The pandemic has required organisations to adjust business models, develop new products, and fast-track their technological capabilities virtually overnight.
By Andreas Bartsch, head of innovation and services at PBT Group
People became reliant on quality data to guide their decision-making. And with the availability of 5G, edge computing, the cloud, artificial intelligence (AI), and the Internet of Things, companies have much better access to data than ever.
The ability to make sense from all this data has become a critical success factor in digital transformation initiatives. This has seen many companies put the emphasis on establishing an AI competency to analyse data at scale.
The science of data
The potential value of AI has been well-documented and has prompted a significant focus on the role of the data scientist. Unfortunately, the latter is often misunderstood, misinterpreted, and devalued when companies offer data science ‘fast-track’ programmes, especially when the selected candidates do not have the relevant academic qualification.
In my view, chief data officers (CDOs) must be conscious of maintaining a sensible ratio of data engineers to support the appointed data scientists. For AI (and data scientists) to be successful, a supporting, well-governed modern data platform remains critical.
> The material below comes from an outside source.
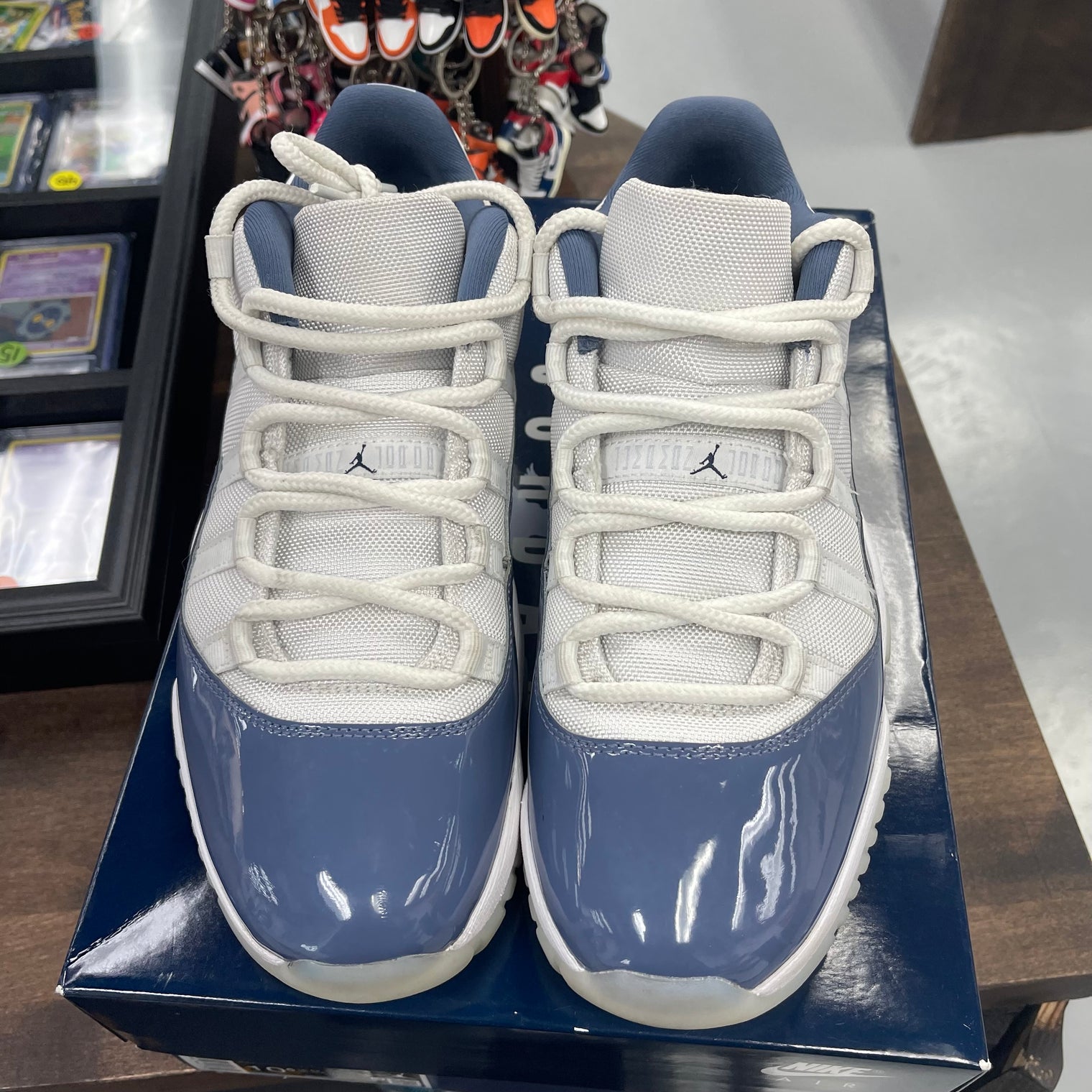 Diffused Blue Jordan 11 Low (USED)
This entails a well-defined data architecture, complemented by the respective data model and best-practice data engineering principles and data pipelines.
Many AI initiatives fail due to the non-readiness of the underlying data platform and non-automated processes. Whilst the business value is gained from AI and the expertise of the data scientists in achieving this, the effort in collecting, preparing, managing, automating, and governing the data and associated pipelines must never be underestimated.
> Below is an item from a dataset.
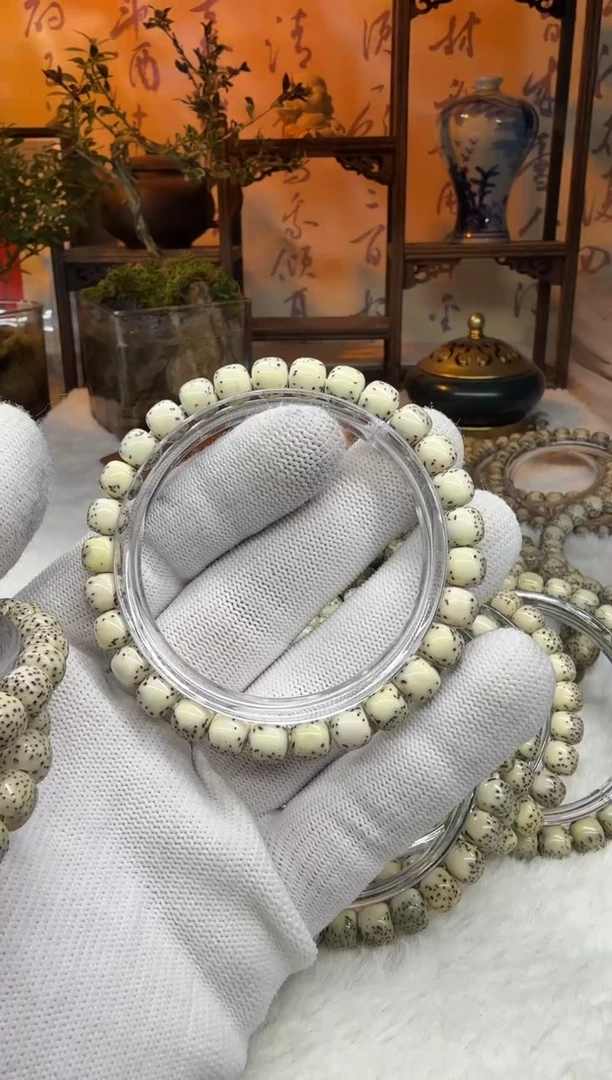 【闪购商品】星月菩提吊坠8x7石玉料河豚福利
Overcoming the skills challenge
In his recent State of the Nation Address, President Ramaphosa highlighted the important roles the state and private sector must play in enabling job creation. Local organisations are responsible to make a concerted effort to appoint or assign local expertise before looking elsewhere.
Unfortunately, the local skills pool is severely drained as corporates, SMEs, and consulting firms are fishing from the same pond. This results in exorbitant rates which, whilst lucrative to the individual, harms the industry as it is not sustainable. Additionally, it cultivates a generation of ‘job hoppers’.
Of course, budgetary constraints remain a serious challenge. The increasing salary demands exacerbate the situation, with the understandable sensitivity to consulting fees. However, when considering the likes of recruitment efforts, management overhead, training, career paths, and bonuses, the total cost to company is comparable, or even higher, than the consultant counterpart.
Talent retention
I believe that an organisation should focus on retaining its key intellectual property (IP). When it comes to data roles, this IP relates to data scientists, business analysts, enterprise architects, and potentially enterprise data modellers.
The more technical nature of the data engineer is industry and technology independent. It is here where a partnership with a local specialist data service provider can add significant value in enabling capability and scalable capacity.
The skills shortage not only creates an opportunity but demands a concerted effort between the larger organisations and their data specialist services providers to engage and collaborate in establishing academies that bridge the step from graduation to junior data engineers in a practical manner.
This should typically entail a combination of theory, practical training, and on-the-job exposure, thereby enabling capacity and capability building at scale – so desperately needed within the South African context.